Message 97535 - Python tracker (original) (raw)
Amaury Forgeot d'Arc wrote:
Amaury Forgeot d'Arc <amauryfa@gmail.com> added the comment:
I don't see the point in changing the various conversion APIs in the unicode database to return Py_UCS4 when there are no conversions that map code points between BMP and non-BMP.
For consistency: if Py_UNICODE_ISPRINTABLE is changed to take Py_UCS4, Py_UNICODE_TOLOWER should also take Py_UCS4, and must return the same type.
In order to solve the problem in question (unicode_repr() failing), we should change the various property checking APIs to accept Py_UCS4 input data. This needlessly increases the type database size without real benefit. [I'm not sure to understand. For me the 'real benefit' is that it solves the problem in question.]
The problem in question is already solved by just changing the property checking APIs. Changing the conversion APIs fixes a non-problem, since there are no mappings that would require Py_UCS4 on a UCS2 build.
Yes this increases the type database: there are 300 more "case" statements in _PyUnicode_ToNumeric(), and the PyUnicode_TypeRecords array needs 1068 more bytes. On Windows, VS9.0 release build, unicodectype.obj grows from 86Kb to 94Kb; python32.dll is exactly 1.5Kb larger (from 2219Kb to 2221.5Kb); the memory usage of the just-started interpreter is about 32K larger (around 5M). These look reasonable figures to me.
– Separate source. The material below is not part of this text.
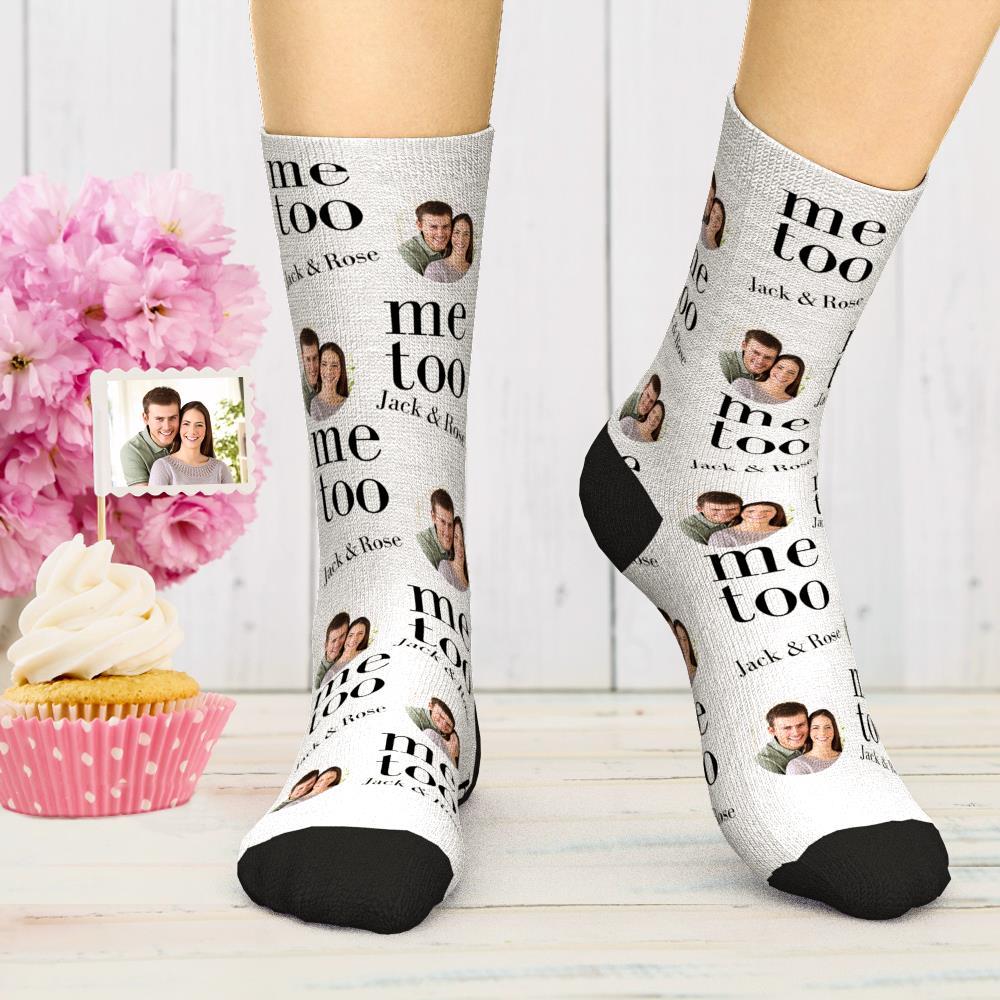 Chaussettes Photo Gravées Personnalisées I Do Me Too Couple Chaussettes Chaussettes Confort Meilleur Cadeau Pour Couple - soufeelfr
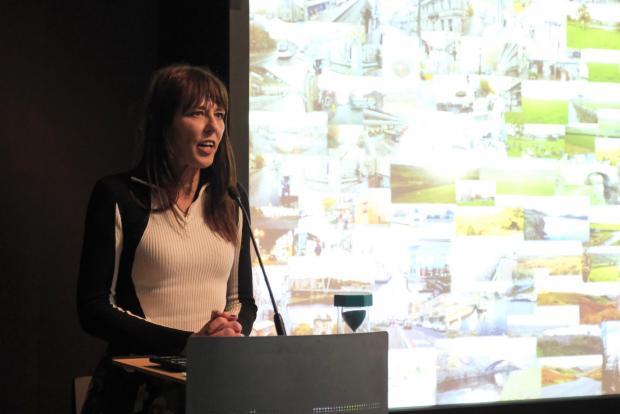 Lancashire Telegraph: Debbie Lander at the launch of Lancashire 2025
For that to work properly we'll have to either make sure that extensions get recompiled if they use these changed APIs, or we provide an additional set of UCS2 APIs that extend the Py_UNICODE input value to a Py_UCS4 value before calling the underlying Py_UCS4 API.
Extensions that use these changed APIs need to be recompiled, or they won't load: existing modules link with symbols like _PyUnicodeUCS2_IsPrintable, when the future interpreter will define _PyUnicode_IsPrintable.
Hmm, that's a good point.
OK, you got me convinced: let's go for it then.